Source data:

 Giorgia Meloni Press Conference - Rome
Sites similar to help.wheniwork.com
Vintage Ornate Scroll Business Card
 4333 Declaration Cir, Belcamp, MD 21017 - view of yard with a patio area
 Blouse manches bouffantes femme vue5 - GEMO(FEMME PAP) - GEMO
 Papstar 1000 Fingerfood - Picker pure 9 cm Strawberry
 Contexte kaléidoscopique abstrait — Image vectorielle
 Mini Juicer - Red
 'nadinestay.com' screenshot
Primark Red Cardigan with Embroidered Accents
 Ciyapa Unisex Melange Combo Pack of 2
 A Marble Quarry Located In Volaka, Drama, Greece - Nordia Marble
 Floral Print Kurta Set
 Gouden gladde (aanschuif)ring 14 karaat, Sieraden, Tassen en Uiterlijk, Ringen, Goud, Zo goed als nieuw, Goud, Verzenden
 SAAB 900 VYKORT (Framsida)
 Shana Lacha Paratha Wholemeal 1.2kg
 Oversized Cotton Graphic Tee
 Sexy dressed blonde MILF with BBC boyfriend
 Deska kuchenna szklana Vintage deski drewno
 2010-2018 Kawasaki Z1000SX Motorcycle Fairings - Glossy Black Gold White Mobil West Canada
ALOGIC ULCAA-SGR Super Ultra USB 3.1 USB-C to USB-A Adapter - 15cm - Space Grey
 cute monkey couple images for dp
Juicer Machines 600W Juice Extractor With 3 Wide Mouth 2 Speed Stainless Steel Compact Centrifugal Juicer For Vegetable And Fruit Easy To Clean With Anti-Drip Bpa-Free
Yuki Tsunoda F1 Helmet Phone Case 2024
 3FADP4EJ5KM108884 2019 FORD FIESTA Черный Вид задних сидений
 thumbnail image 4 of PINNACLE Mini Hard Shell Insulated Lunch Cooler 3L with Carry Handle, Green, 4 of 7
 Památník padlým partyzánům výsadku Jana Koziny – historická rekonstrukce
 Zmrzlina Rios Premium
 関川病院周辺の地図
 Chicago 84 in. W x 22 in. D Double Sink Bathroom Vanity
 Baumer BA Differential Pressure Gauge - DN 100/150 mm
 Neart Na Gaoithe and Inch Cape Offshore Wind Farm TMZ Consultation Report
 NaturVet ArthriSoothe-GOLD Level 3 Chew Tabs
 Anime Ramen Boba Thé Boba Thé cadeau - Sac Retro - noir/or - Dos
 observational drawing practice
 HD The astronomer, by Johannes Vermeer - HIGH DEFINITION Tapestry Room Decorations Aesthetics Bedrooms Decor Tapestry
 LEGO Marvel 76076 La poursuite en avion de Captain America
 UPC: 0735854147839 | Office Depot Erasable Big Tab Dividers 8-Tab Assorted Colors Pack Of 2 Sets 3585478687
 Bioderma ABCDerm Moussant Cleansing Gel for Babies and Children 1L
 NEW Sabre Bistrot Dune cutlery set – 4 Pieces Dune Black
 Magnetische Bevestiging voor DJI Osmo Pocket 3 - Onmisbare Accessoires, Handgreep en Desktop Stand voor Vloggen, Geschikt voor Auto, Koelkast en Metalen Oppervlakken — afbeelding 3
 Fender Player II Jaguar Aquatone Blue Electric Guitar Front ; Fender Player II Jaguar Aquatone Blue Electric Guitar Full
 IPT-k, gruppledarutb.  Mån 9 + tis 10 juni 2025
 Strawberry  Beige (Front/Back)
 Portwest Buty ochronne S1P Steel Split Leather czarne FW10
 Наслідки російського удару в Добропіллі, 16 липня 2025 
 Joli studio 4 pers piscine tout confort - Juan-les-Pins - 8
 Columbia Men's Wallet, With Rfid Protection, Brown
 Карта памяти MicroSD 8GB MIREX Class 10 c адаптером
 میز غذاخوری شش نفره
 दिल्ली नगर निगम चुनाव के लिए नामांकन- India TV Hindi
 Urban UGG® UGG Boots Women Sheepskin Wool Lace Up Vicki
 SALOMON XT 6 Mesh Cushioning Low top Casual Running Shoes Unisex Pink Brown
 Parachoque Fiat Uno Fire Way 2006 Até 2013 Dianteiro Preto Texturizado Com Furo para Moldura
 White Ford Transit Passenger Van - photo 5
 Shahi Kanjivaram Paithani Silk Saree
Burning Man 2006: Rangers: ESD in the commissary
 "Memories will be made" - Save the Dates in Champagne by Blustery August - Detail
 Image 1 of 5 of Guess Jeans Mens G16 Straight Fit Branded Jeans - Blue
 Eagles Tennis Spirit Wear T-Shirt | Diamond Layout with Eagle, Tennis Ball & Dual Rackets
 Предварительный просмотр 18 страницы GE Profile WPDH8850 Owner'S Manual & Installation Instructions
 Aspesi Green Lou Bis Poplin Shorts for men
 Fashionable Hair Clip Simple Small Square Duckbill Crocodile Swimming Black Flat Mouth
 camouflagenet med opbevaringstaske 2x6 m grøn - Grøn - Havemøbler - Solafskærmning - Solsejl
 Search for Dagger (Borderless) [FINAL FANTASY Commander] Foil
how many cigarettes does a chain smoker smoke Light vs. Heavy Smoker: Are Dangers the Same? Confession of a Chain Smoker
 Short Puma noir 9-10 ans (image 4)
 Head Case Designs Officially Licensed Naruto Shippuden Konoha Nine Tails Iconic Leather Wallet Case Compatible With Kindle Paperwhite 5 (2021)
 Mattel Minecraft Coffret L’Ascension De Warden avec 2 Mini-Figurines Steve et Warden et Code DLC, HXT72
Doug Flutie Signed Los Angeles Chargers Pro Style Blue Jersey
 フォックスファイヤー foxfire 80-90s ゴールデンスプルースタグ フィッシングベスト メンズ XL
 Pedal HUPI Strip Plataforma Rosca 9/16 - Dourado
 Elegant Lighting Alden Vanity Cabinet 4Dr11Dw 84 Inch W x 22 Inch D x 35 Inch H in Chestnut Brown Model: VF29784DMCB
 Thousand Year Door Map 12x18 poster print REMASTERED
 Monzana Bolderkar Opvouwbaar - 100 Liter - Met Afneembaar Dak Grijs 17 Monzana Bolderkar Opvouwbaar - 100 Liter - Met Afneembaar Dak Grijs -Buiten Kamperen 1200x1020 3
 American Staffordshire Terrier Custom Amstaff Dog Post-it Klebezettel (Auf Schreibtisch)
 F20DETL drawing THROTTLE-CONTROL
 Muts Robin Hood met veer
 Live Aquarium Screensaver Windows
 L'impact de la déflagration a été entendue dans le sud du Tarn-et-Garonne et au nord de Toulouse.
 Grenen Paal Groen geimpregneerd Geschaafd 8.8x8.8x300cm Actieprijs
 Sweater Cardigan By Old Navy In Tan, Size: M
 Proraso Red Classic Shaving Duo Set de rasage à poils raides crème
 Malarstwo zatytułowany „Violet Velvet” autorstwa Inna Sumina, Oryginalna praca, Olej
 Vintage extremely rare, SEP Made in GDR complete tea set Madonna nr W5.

BRIEF: From the line that has "Památník padlým partyzánům" through the line that has "NEW Sabre Bistrot", copy every line exactly as it appears above, and leave out all others.

TASK OUTPUT:
 Památník padlým partyzánům výsadku Jana Koziny – historická rekonstrukce
 Zmrzlina Rios Premium
 関川病院周辺の地図
 Chicago 84 in. W x 22 in. D Double Sink Bathroom Vanity
 Baumer BA Differential Pressure Gauge - DN 100/150 mm
 Neart Na Gaoithe and Inch Cape Offshore Wind Farm TMZ Consultation Report
 NaturVet ArthriSoothe-GOLD Level 3 Chew Tabs
 Anime Ramen Boba Thé Boba Thé cadeau - Sac Retro - noir/or - Dos
 observational drawing practice
 HD The astronomer, by Johannes Vermeer - HIGH DEFINITION Tapestry Room Decorations Aesthetics Bedrooms Decor Tapestry
 LEGO Marvel 76076 La poursuite en avion de Captain America
 UPC: 0735854147839 | Office Depot Erasable Big Tab Dividers 8-Tab Assorted Colors Pack Of 2 Sets 3585478687
 Bioderma ABCDerm Moussant Cleansing Gel for Babies and Children 1L
 NEW Sabre Bistrot Dune cutlery set – 4 Pieces Dune Black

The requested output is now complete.